On the low end maybe you just integrate it into some future DLC, and the unlock method as it exists now is treated as an early access bonus?

yeah I suspect this is what they're ultimately planning on, in a few months. if you're careful about it, you could even do this while preserving the fun of the puzzle -- let most people spend some sizable but attainable sum of in-game currency to unlock the class the simple way, but also allow the devoted to continue to do it the old way by [spoils myself on how to unlock this one] equipping these 10 specific items and unlock it for free.

I was going to say that perhaps the class unlock requirements could be randomized to some degree, but upon further consideration I think that will just end up creating more elaborate steam guides for the dedicated players, while more casual players will either stumble into it as intended (in which case was an elaborate set up required?) or they will find it in the guide and think it's too much work.

Guild Wars 2: Path of Fire launched with several mounts marketed as features for new players, but they didn't market a secret fifth mount that players discovered the questline for after completing the story quests.

I could see some version of "deep secrets" being hidden on a generated, personalized-per-player basis, if the actual secret was part of standard gameplay and not an ARG.

Like, imagine a game the size of Tears of the Kingdom, with dialogue or notes that hint towards a deeper, larger quest, a treasure hunt, a world-spanning puzzle; each game cart with its own randomly generated locations involved, where the hints appear, the pieces it's built out of. This would make it... guide "resistant", at least, but only to an extent. It also sounds like an incredible amount of dev resources to spend on something very few will see - to build a system that could lay these out reliably - but I think the fact that discovering something so large is hidden is often what makes it feel so amazing.

This reminds me of the small puzzles and easter eggs that are hidden in MMOs. I remember WoW having quite a few of these... in the earlier days, they would be discovered bit by bit by random players who happened to stumble across them, but over time they became so ubiquitous and extremely ornate that people formed extremely dedicated puzzle-solving groups to piece them together, racing to solve them, and then those secrets would become part of common knowledge online. Once it's solved, it's solved. FWIW, I think there's still some fun as a player just following the huge guides that take you around the world, as a form of participating in the secret without needing the dedication to immerse yourself in it.

I have a hard time thinking of a solution to this that doesn't involve random generation of some kind, and I don't know how fun that would actually play out in execution...

Examining the Binding of Isaac ARGs in this light is kind of interesting, with two different approaches for upkeep past the sell-by date of the ARG. At launch, the game featured an item that seemingly did nothing called the "Missing Poster". If you died in a specific room while holding this item, you'd be given a puzzle piece, one of multiple hundreds, that when pieced together, detailed an incredibly convoluted set of steps of dying to specific enemies in specific floors as specific characters, which would unlock the secret character.

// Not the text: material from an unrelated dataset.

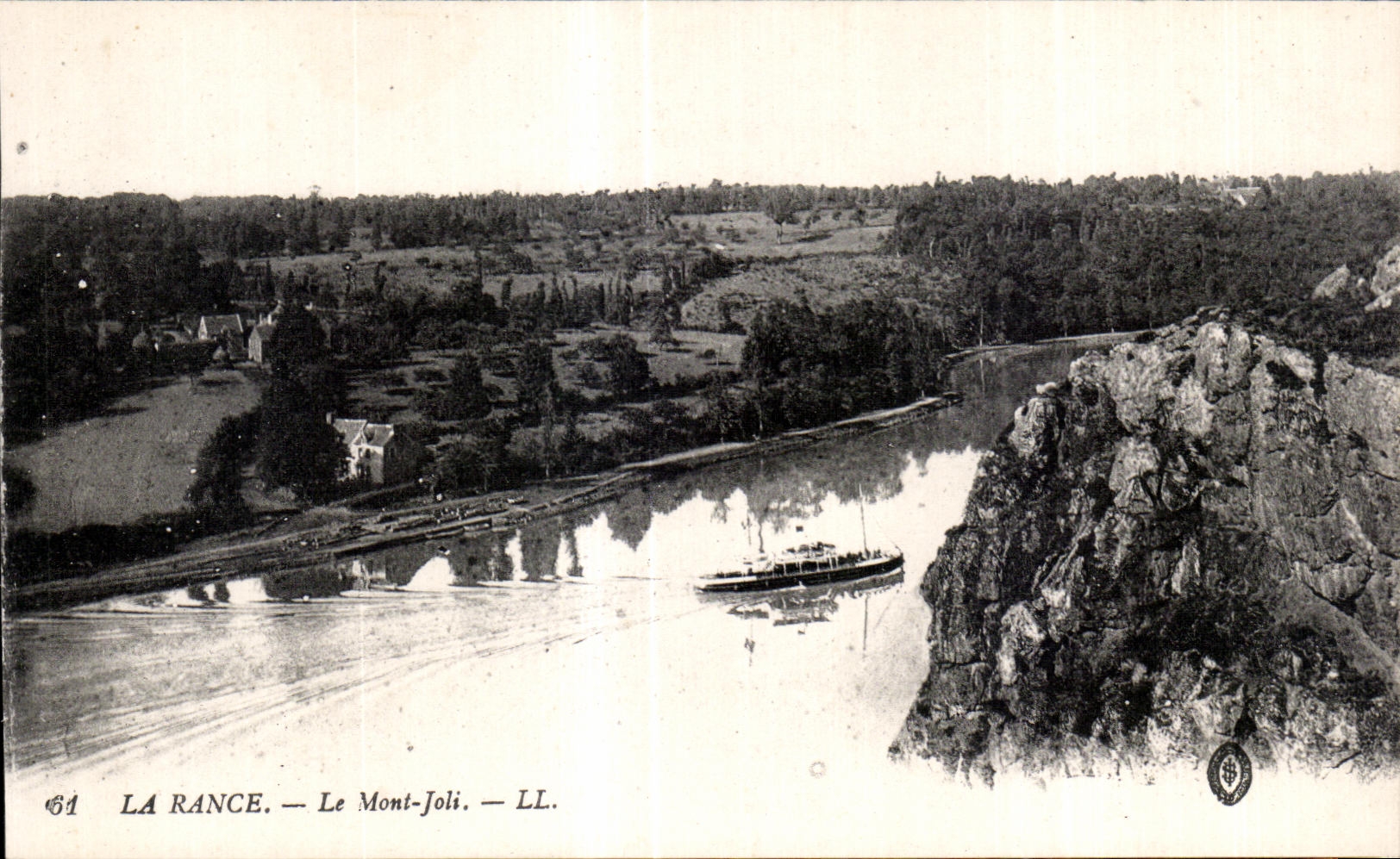 CPA La Rance Le Mont Joli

However, no one actually went through the effort of completely putting the puzzle pieces together, as someone datamined the answer within 4 days of the game coming out. There was a bit of a brouhaha in the community as the devs publicly expressed disappointment with the dataminers spoiling the puzzle in this way.

When the first expansion came out, the unlock condition became simplified to the first step of dying with the Missing Poster. Considerably less tedious of a process and potentially discoverable without outside information, but still a bit obtuse.

The materials of the second ARG were done outside of the game to prevent datamining, and eventually culminated in the players "giving [the new character] a voice" by discovering the log-in details of a twitter account and tweeting things onto it, at which point an update was pushed allowing people to unlock this new character by giving enough money to the donation machine at the end of a specific mode.

Considering the donation machine already had several other unlocks tied to it even prior to the ARG's completion, its a pretty natural thing to discover playing on your own now, but it bears no attachment or reference to an ARG having occurred at all. You wouldn't know it was tied to this unless you looked it up on a wiki.

I personally don't think either approach is perfect, (one is still a little too obtuse and the other doesn't preserve the spirit of the original journey) but you can see them have some consideration for the play experience years down the line.

One of the only easter eggs that I remember many years later was the way that Dungeon Keeper had an extra level that was only accessible on a full moon. Relating it to something in the real world environment felt really interesting to me at the time and I don't think it's something many games have built on.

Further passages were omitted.